One of my favorite Poems.

Wednesday, April 22nd, 2009

Dwelling  by Li-Young Lee

 

As though touching her

might make him known to himself

 

as though his hand moving

over her body might find who

he is, as though he lay inside her, a country

 

his hand’s traveling uncovered,

as though such a country arose

continually up out of her

to meet his hand’s setting forth and setting forth.

 

And the places on her body have no names.

And she is what’s immense about the night.

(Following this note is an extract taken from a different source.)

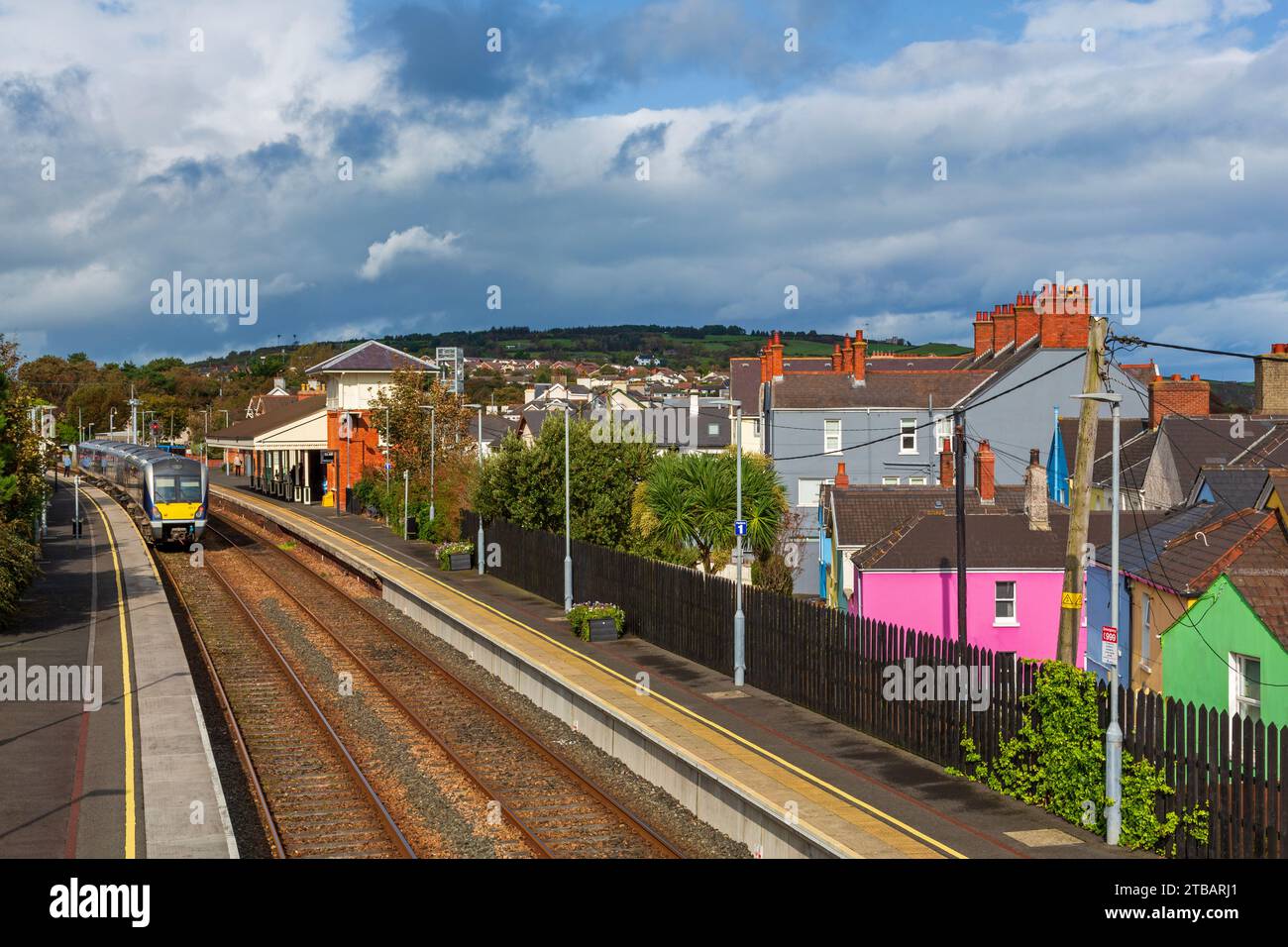 Railway Station, Whitehead, County Antrim, Northern Ireland,United Kingdom Stock Photo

And their clothes on the floor are arranged

for forgetfulness.

Felt like writing again…

Wednesday, April 22nd, 2009

Too many thoughts swirling around in me.  Bobbing on a whirlpool of coffee and green tea.  The day’s gone by so fast, and I did nothing  to make it memorable.  I wandered a bit, to remind myself I still know how.  But soon, I was searching for a destination again.  Bombay has started to change me.  It screams at me to find a direction.  But I enjoy stumbling through the woods.

Friends don’t call anymore.  They wait for you to call them.  This is how the world is.  Everyone’s waiting for someone to call them.  They stare at the phone staring back at them.

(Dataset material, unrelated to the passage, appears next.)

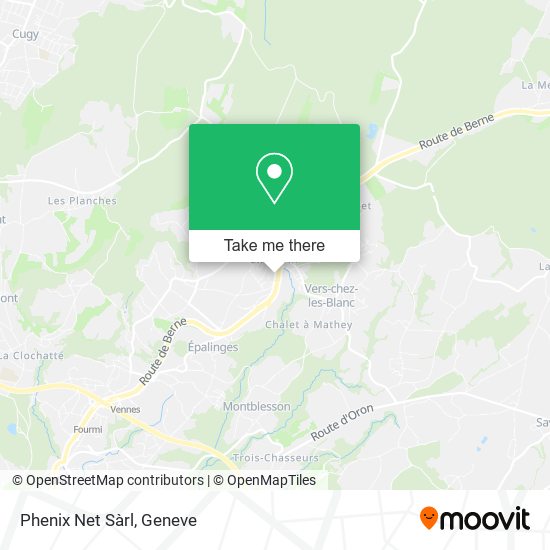 Phenix Net Sàrl map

I went out for some coffee and watched people.  I like doing that.  I like coming with entire conversations as I watch them laugh, and joke, and whisper, and cry.  It connects me to them, somehow, that I can imagine what they’re saying to each other.

There’s a serious lack of good coffee shops in the Juhu area.  The Baristas, and the Coffee Days all serve this mutated soup that they dare call coffee.  Met with a director I have recently worked with.  Sweet man.  Full of warmth and kindness.  Likes to make tea for everyone.  Gets slightly offended if you don’t have tea with him.  I try to have extra cups.

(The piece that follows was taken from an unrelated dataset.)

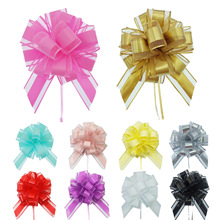 跨境 圣诞拉花彩带 节日派对礼盒包装丝带 30#立体球形手拉花详情3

He wanted to know my thoughts on some ideas he had for how we could improve some of the scenes we shot.  But soon we were talking about the people we knew, and whether I was meeting any nice people in Bombay.  He meant had I met any nice girls.  I smiled and said yes.  He smiled, but I knew he didn’t believe me either.  I feel there are no nice girls in Bombay.  There are those that used to be nice.  And there are those that are nice, but know they can never reveal it.

And so it goes.  The waiting for my next project to begin.  I’m most alive when I’m working.  When I’m not, I hibernate like a bear in perpetual winter.

Writing for this blog has become a nice exercise for me.  I’m stretching my literary muscles again.  I had thought them atrophied a long time ago.  Nice to know I still can find my way around a pen and paper.  Planning to read Hemingway again.  He always make me feel I should write more often.  I wish I could have known him.  Stood side by side with him on his five foot high desk, and wrote for four hours straight like he used to do everyday, before his wife and the dogs called us outside into the Cuban sunshine.

writing exercise….

Wednesday, April 22nd, 2009

There are no thoughts here,

Lingering amidst the warm ashes of my forgotten cigarette.

There are no thoughts here,

Swimming in the cooling pool of my sugar-sweet coffee.

There is only the numbness, the old familiar throb of it.

Creeping up my legs, slithering up, slowly up, into the back

of my spine, coming to rest behind my neck.  Flicking,

Flicking my throat with it’s forked tongue.

Testing me.  Teasing me.  Reminding me,

I can never escape it, and I never want to.

I drop the cigarette into the coffee, and I leave.

When I get home, I remember,

I forgot to pay.  I drive back.

They don’t remember me.

I drive home.  I go to sleep, listening to the snake in my spine,

hissing it’s long lullaby…

Seeker of Joy

Saturday, April 18th, 2009

There’s never a reason for loneliness, rather, it comes with a sense of bewilderment.  How can one be lonely in a city as overflowing with humanity as Bombay?  Very easily.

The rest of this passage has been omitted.